My childhood church had no building of our own. We rented a variety of spaces where we would set up and tear down chairs, roll sound systems out of the white church trailer, and pitch an altar so low-church we practically hid it. The two primary homes for our church were the cafeterias of Frost Elementary and B.F. Terry High School. In all my years worshiping and praying in those school buildings, in two decades living in those communities, I never once remember someone asking about where the names of those schools came from. We never wondered what those names said about the morality of our community. Nor did we question if those stories, or our disinterest in them, had anything to say about our faith.

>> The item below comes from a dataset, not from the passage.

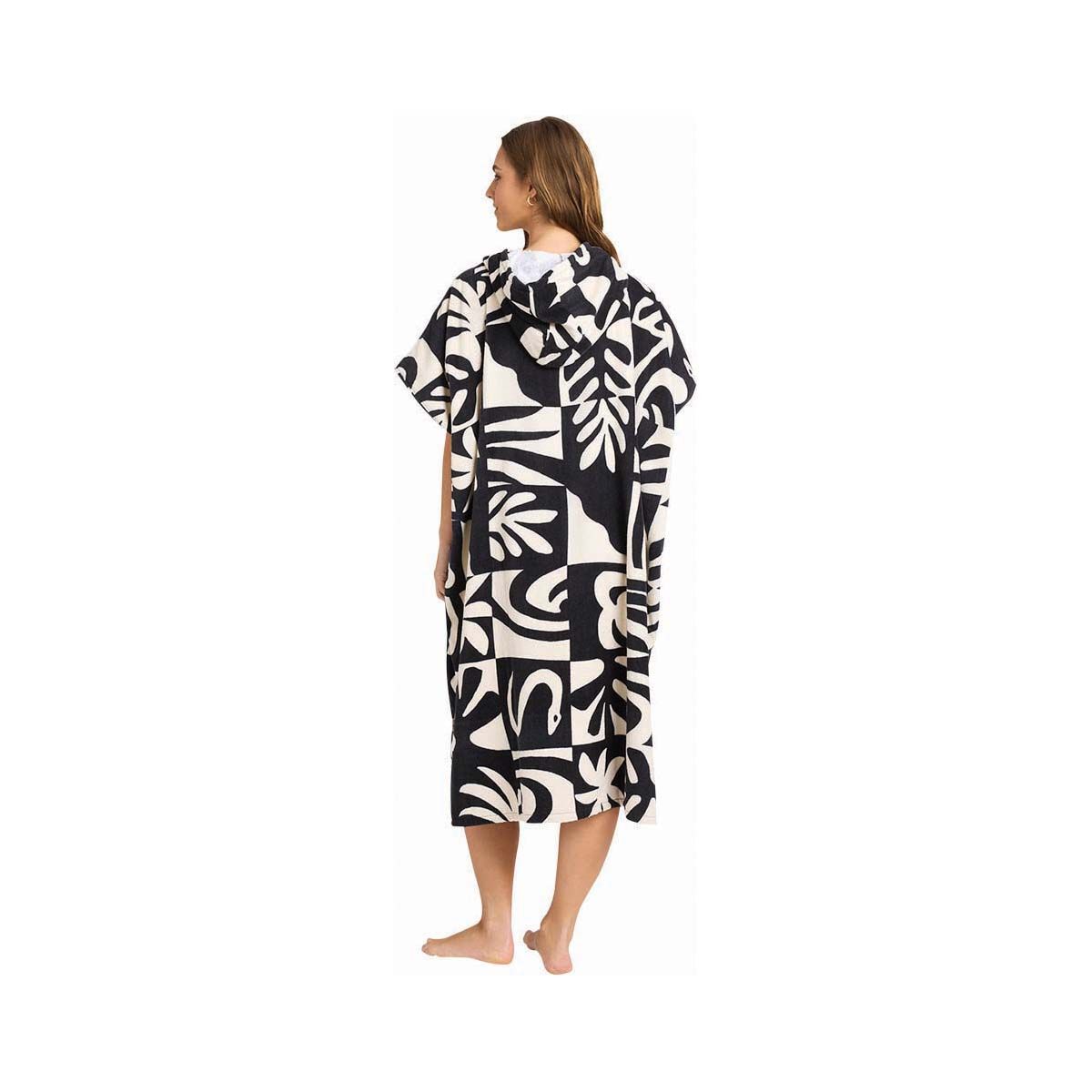 Quiksilver Women&rsquo;s Coastal Poncho Towel Birch OSFM, Birch, bcf_hi-res
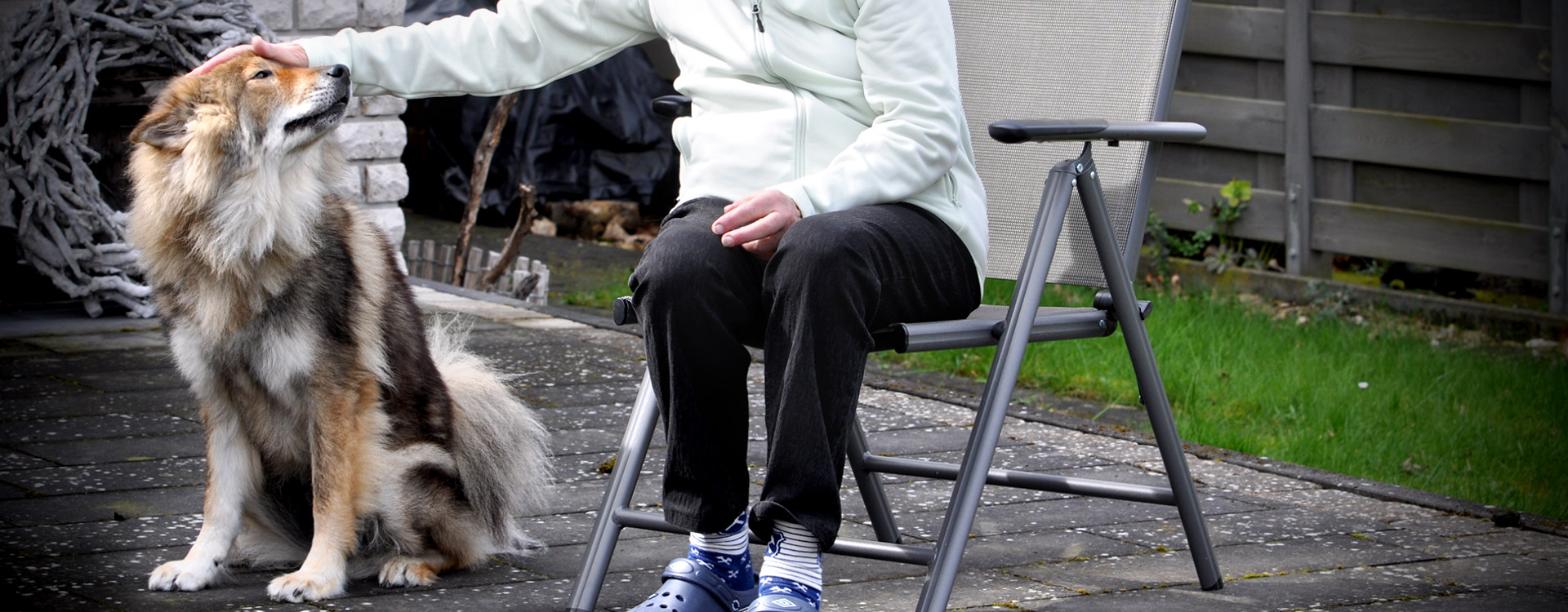 Tiergestützte Therapie mit Hunden: Therapiehund Céilí mit einer betagten Klientin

Here are the stories of those names.
Frost Elementary was named for a Mr. Samuel Miles Frost. Frost was an early white settler colonist who worked on the Hunter Plantation where he set up one of the first schools chartered under the Texas Republic. It was, of course, an all white school that barred slaves from education. Frost is thus held up as a local hero of education. That it was a segregationist education meant to form future generations of slave masters is the other side of a coin left unflipped. Samuel’s son Henry Frost, raised in that environment, was a “notorious anti-black agitator” who would die fighting to reestablish white supremacy in our county two decades after the Civil War (a story I will tell a couple weeks deeper into this Lenten journey of repentance and transformation).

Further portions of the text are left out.